In practice, the Cave Torch adds an element of randomness: if you're unlucky, using it will summon up a horde of enemies; if you're obscenely lucky, you'll be discarding horrible encounter cards while placing progress on locations. The mechanic of taking bigger risks for more progress is thematically excellent, but I'm not sure I'm overly fond of the wide range of randomness that comes with it.

The scenario itself is quite tough, with three very different quest stages. You need to move quite quickly to avoid being overwhelmed by locations with nasty threat-increasing synergies, and, of course, hella goblins. Our first three-handed swing at this ended in massive location lock. I've since beaten it both solo and with another player running a Leadership/Lore deck, with Northern Tracker unsurprisingly playing a key role.

My first two-handed attempt together with my partner's revamped Tactics deck was a pretty intense emotional rollercoaster. First, of course, we struggled mightily to even get past East-gate. This really is the only quest I've seen where it's perfectly possible to fail to clear the first location! We were lucky to get Dreadful Gap at this point, though, sparing us from ever having to travel to it. Things looked a bit grim until Gandalf stopped by to nuke the Patrol Leader in the staging area, and I got a Northern Tracker into play. We were also quite lucky with our Cave Torch use, getting no extra enemies in play. Still, by the time we raised our threat to travel to the First Hall, with no progress on the quest card yet, it was high enough for Goblin Scouts to engage both of us. I'd also lost one of my two Galadhrim's Greetings to a Fouled Well earlier, which didn't make our lives much easier.

Eventually we cleared First Hall as well, and Northern Tracker saw to Bridge of Khazad-dûm; we were really inside Moria now! I'd played a copy of Elrond's Counsel on myself and a Galadhrim's Greeting on my partner, but both our threats were already well over 40 by the time we hit the second quest phase. To be honest, I didn't think we had a chance in hell.
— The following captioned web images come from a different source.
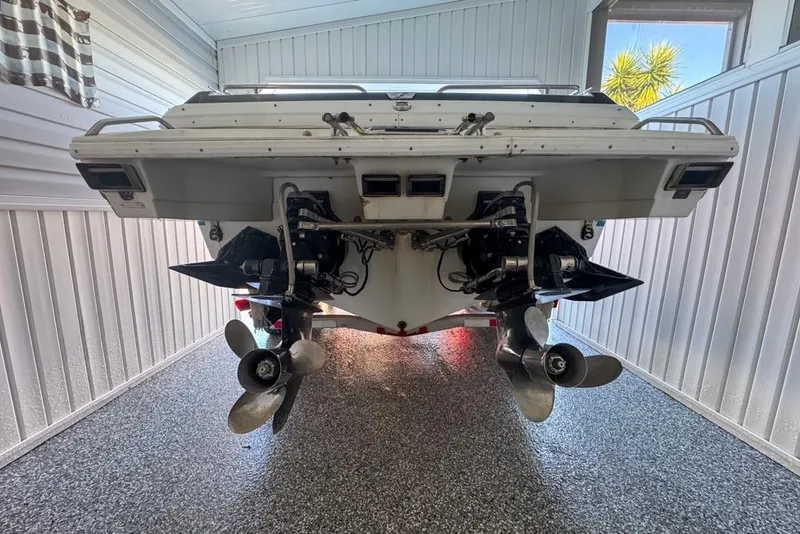 Slide: The Image of 1989 Formula 292 SR-1 boat in garage, rear view showing dual propellers. - 72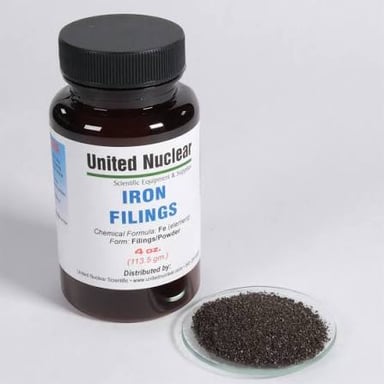 Dark iron filings lie beside a piece of steel.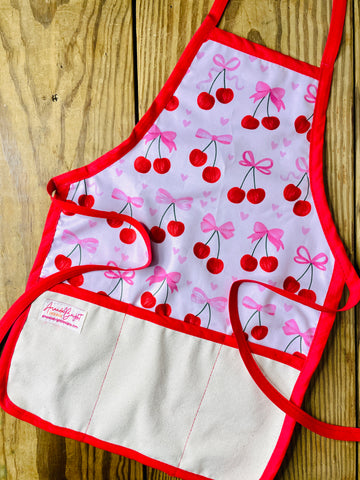 Amanda Bright Designs Children's Cherries and Bows Apron with red trim and strings trending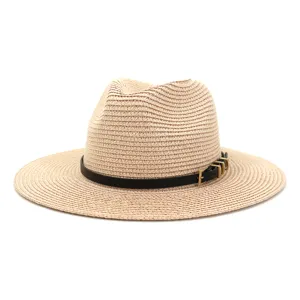 Detailed close-up view of women straw fedora hat featuring black leather belt and metal buckle.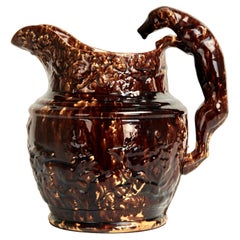 Antique Rockingham Pottery Pitcher with Dog Handle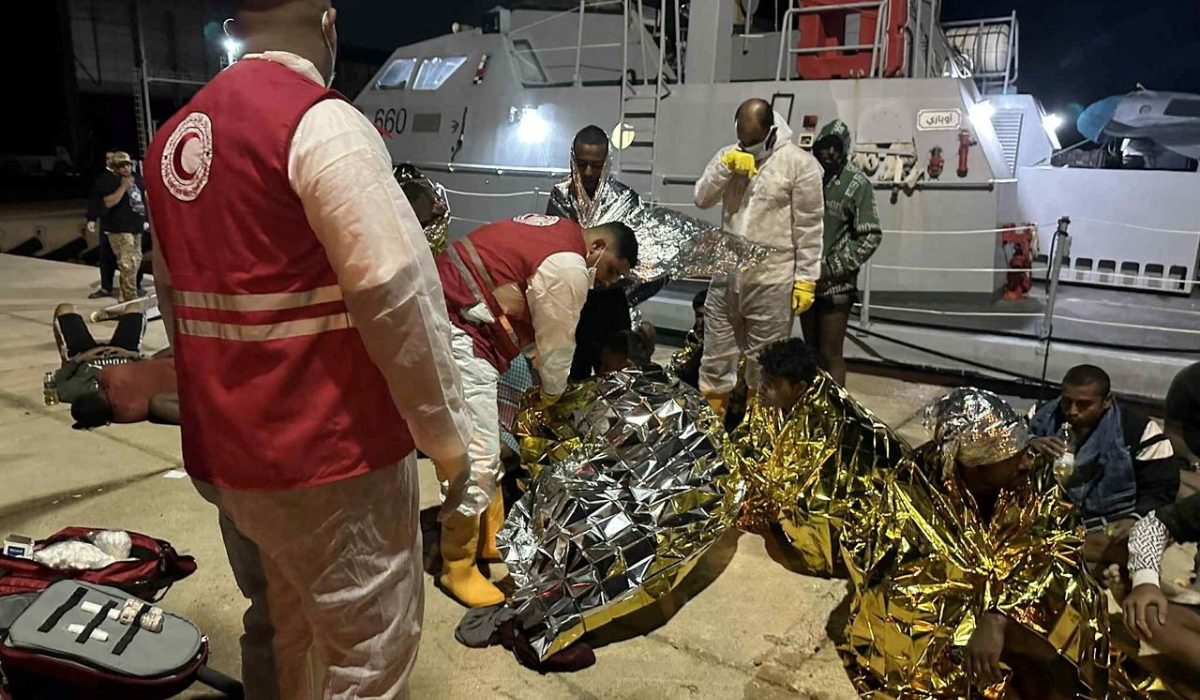 Red Crescent workers tend to rescued migrants sitting at dock with thermal blankets, after two boats carrying migrants capsized off the Libyan coastal city of Al Khums causing multiple casualties, in a location given as Khums, Libya, November 15, 2025. (REUTERS)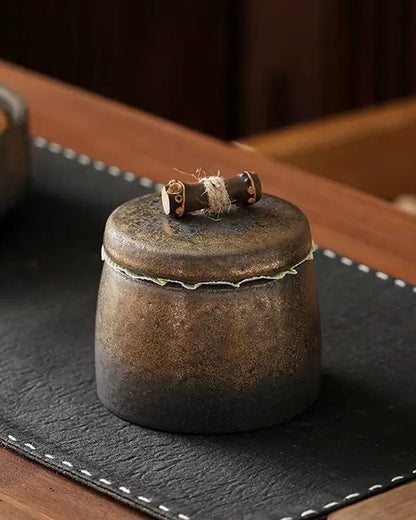 Artistic Chinese tea caddy made of fine stoneware with a golden relief design.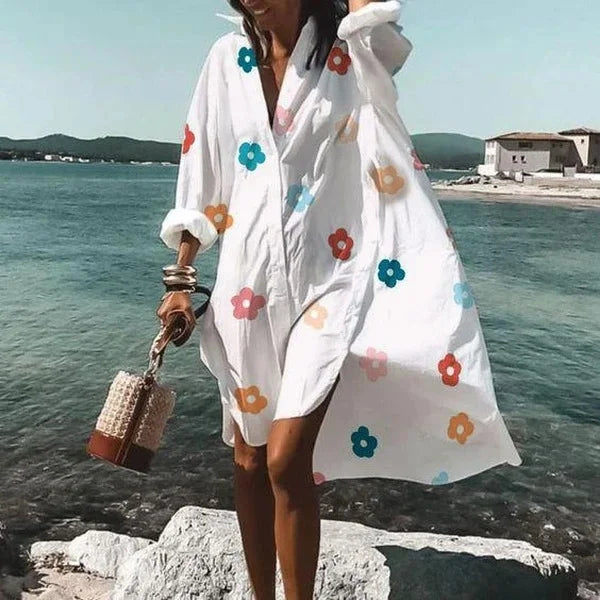 Woman wearing floral print long sleeve beach cover-up top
We were both fighting several goblins at this point, giving me ample reason to be grateful for both Arwen's defence boost and A Burning Brand. In order to buy at least a little time, and because we needed so many of our characters to fight, I played Gather Information: completing it got me Dwarven Tomb, which I used to retrieve a Galadhrim's Greeting, and my partner Secret Vigil. They helped!

We managed to thin out the goblins, both got a much-needed wizard intervention to lower our threats, and made liberal use of our torch to blast locations from the staging area. I also started getting a sizeable questing force into play, with our torch luckily discarding several treacheries that would have wiped them out. Where I'd be without West Road Traveller, I don't know. Finally we had amassed enough questing and dispatched all the goblins, so that when Legolas killed the last Patrol Leader standing, we fulfilled both victory conditions for the second quest phase simultaneously! But at grave cost: Boromir fell in battle against the orc horde.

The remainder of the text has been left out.